Aim of the task:
Leave the pictures out, and transcribe the material below exactly from the line with "Aurora Glow: 148" to the line with "High Waist Ribbed Women's Leggings", both lines included.

==== Source data ====

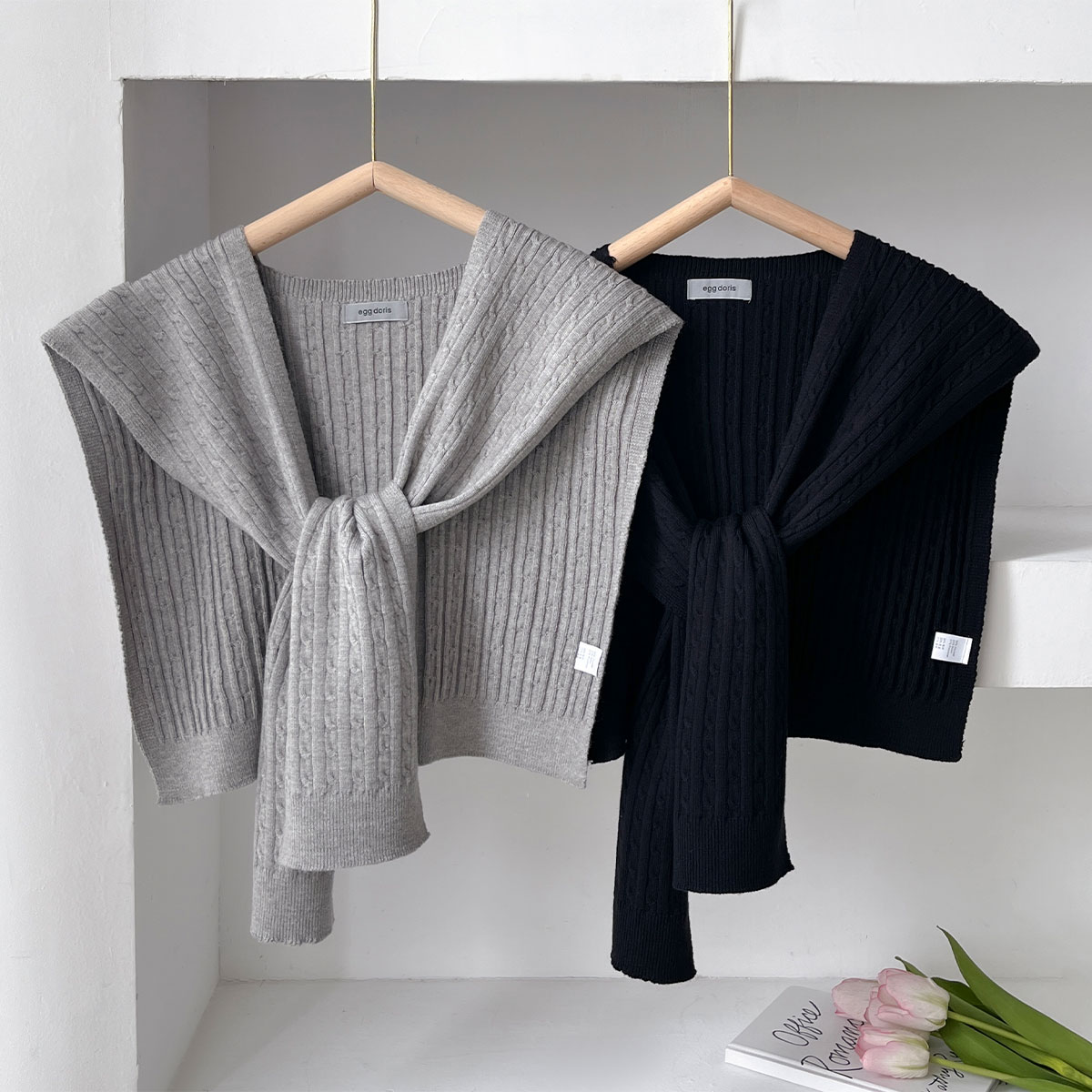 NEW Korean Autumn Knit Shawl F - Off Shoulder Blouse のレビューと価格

====
==== Source data ====

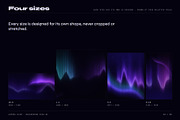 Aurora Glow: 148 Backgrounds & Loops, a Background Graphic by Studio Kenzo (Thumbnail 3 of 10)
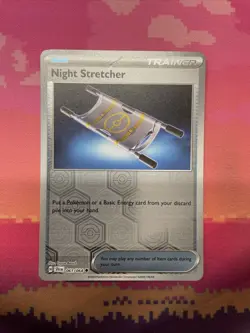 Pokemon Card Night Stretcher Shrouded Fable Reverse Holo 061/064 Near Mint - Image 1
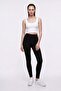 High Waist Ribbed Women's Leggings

====

Result of the task:
 Aurora Glow: 148 Backgrounds & Loops, a Background Graphic by Studio Kenzo (Thumbnail 3 of 10)
 Pokemon Card Night Stretcher Shrouded Fable Reverse Holo 061/064 Near Mint - Image 1
 High Waist Ribbed Women's Leggings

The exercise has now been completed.